# CC water temp? Anyone!



## Lil Crappie (Jun 17, 2013)

Wondered what shorter days and a cold spell water temps are now? Probably need a cold rain too?


----------



## 9Left (Jun 23, 2012)

Probly cooling down a bit i'm sure... I would think the temperature is still in the 70s for the water. This week and next weeks nighttime temperatures should help a bunch


----------



## bjmess (Jun 14, 2007)

East fork was 76 degrees today


----------



## MuskyFan (Sep 21, 2016)

I saw 73-74 today on Caesar. That was main lake temps not in the coves.


----------



## Pike (Apr 7, 2004)

Water Temp at CC this weekend was 69 degrees just about everywhere.


----------



## Harry1959 (Mar 17, 2011)

Yup I was there yesterday 68-69.5. Caught 6-7 crappie, most < 9inches.

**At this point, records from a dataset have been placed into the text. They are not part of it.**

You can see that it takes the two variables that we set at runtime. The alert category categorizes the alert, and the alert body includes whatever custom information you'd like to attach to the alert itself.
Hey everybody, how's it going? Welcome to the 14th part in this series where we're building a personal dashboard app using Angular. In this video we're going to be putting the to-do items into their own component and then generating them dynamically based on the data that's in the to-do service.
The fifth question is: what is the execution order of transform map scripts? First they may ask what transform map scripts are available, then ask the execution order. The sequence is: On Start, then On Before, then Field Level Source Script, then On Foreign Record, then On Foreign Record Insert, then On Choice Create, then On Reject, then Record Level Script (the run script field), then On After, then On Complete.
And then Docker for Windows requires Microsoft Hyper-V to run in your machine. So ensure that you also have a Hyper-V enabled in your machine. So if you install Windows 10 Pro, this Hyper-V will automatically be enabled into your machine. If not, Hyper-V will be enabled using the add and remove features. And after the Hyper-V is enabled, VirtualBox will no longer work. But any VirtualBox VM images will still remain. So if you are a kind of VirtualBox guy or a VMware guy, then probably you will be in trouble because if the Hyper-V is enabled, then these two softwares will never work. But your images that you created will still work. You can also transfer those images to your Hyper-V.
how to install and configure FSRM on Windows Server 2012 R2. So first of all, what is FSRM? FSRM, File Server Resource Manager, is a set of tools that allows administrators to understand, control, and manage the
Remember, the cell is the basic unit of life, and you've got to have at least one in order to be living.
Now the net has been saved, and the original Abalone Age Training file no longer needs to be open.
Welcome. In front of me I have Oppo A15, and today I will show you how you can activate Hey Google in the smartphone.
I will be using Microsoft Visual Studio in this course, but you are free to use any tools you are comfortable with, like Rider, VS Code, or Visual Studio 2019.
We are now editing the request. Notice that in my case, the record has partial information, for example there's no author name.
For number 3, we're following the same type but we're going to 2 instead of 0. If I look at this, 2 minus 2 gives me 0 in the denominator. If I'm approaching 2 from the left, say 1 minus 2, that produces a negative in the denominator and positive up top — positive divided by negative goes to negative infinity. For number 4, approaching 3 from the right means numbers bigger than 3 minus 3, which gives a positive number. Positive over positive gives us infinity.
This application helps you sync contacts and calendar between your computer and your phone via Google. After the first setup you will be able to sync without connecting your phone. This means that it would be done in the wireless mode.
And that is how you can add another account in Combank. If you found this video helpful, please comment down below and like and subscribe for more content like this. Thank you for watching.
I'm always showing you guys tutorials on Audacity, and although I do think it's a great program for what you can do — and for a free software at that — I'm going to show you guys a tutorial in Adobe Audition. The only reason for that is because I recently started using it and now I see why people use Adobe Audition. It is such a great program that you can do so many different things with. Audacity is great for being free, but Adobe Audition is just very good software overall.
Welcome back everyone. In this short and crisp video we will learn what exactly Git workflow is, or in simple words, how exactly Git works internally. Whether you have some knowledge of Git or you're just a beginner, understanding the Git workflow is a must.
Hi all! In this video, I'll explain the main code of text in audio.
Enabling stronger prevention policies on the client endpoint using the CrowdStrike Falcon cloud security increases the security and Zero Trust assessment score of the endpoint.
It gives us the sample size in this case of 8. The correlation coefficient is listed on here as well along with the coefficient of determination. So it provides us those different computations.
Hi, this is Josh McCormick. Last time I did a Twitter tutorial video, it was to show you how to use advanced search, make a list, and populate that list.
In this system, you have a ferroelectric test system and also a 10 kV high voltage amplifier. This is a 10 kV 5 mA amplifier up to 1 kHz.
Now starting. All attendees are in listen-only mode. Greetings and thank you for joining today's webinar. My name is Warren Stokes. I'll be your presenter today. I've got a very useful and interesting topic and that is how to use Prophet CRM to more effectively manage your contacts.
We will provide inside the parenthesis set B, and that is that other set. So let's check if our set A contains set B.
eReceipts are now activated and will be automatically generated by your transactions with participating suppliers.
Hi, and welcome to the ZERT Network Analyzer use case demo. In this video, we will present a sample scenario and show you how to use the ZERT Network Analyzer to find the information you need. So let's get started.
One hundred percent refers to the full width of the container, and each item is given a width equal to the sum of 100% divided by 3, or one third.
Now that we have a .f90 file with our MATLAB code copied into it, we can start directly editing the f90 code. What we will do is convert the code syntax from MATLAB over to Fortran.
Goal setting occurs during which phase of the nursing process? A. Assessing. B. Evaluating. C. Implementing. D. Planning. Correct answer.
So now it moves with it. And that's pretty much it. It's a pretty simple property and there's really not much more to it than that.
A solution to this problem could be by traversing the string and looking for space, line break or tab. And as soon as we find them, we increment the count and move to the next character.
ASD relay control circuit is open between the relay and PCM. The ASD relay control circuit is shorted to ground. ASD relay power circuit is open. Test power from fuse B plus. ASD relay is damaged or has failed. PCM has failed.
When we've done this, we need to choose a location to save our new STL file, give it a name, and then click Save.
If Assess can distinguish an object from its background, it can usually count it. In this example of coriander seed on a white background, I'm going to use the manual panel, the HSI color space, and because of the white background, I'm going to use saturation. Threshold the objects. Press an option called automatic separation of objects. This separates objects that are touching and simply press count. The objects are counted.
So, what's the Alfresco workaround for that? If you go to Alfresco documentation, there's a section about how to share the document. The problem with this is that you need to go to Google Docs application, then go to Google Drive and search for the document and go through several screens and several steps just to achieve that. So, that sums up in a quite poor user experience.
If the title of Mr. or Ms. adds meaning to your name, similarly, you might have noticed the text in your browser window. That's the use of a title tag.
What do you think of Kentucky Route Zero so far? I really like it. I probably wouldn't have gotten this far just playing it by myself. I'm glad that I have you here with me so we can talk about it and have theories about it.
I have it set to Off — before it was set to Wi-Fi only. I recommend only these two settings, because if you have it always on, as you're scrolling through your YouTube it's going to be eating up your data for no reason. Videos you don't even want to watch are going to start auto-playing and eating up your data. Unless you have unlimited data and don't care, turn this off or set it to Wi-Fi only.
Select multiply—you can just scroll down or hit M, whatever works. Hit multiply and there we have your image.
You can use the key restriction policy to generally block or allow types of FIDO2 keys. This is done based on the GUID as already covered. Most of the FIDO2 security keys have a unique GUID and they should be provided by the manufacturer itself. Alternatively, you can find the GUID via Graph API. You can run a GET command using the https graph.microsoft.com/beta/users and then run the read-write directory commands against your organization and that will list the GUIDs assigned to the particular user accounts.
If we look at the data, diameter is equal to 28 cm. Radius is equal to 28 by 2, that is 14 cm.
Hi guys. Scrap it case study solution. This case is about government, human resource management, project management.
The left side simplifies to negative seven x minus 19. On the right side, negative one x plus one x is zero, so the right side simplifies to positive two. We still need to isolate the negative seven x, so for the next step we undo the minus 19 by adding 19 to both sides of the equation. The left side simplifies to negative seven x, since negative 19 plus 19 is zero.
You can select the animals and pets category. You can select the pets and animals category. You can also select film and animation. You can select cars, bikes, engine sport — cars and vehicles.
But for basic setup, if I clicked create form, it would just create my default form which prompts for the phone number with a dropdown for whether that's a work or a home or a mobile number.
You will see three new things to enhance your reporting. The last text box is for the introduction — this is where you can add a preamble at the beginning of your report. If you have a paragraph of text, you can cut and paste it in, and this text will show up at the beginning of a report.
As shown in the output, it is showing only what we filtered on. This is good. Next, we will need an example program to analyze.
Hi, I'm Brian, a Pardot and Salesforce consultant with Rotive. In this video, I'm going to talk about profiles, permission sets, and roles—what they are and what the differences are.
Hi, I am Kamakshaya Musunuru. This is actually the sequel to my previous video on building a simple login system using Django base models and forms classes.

One 10 inches. The ones I caught were all in 9-12 FOW. Only fished a couple hours


----------



## 9Left (Jun 23, 2012)

Took another walk this evening with my dog along the shoreline at the campground boat ramp ...Throwing a 1/16 chartreuse jig. Caught about 14 crappies… Four of them were nice 10.5 to 11 inch keepers, The rest were 8's ...Looked to be in about 8 feet of water.

I thinking about another week or so… When the water temp gets down to around 65, we should have a brief window that we could go back to using a jig and Bobber set a couple feet deep


----------



## Legend killer (Apr 20, 2011)

Anyone been out?


----------



## MuskyFan (Sep 21, 2016)

77 at sunrise. 81 at 1 pm. That’s off my graphs which disagreed with two other boats. Mine was the higher of the three.


----------



## polebender (Oct 29, 2011)

Was there Thursday. 82-83 when we left at 4:00 pm.


----------



## Legend killer (Apr 20, 2011)

Anyone been out lately?


----------



## Troy Dave (Jan 26, 2007)

78 at surface and 76 on trolling motor at 6:30am. When I left at 11:30am was 80 on surface and 78 on trolling motor and 4ft rollers from all the boat traffic. Did catch a 39" musky today. From the looks of the temp forecast won't get out again till labor day weekend


----------



## MuskyFan (Sep 21, 2016)

76 this morning. Got up to 80 by 1pm. By then I’d had my fill of ignorant “recreational” boaters. Was “overfilled” watching more of them launch, block the ramp docks, and set up on the ramp. Oh, yeah, forgot the ones that decided to learn how to back a trailer for the first time on the ramp. 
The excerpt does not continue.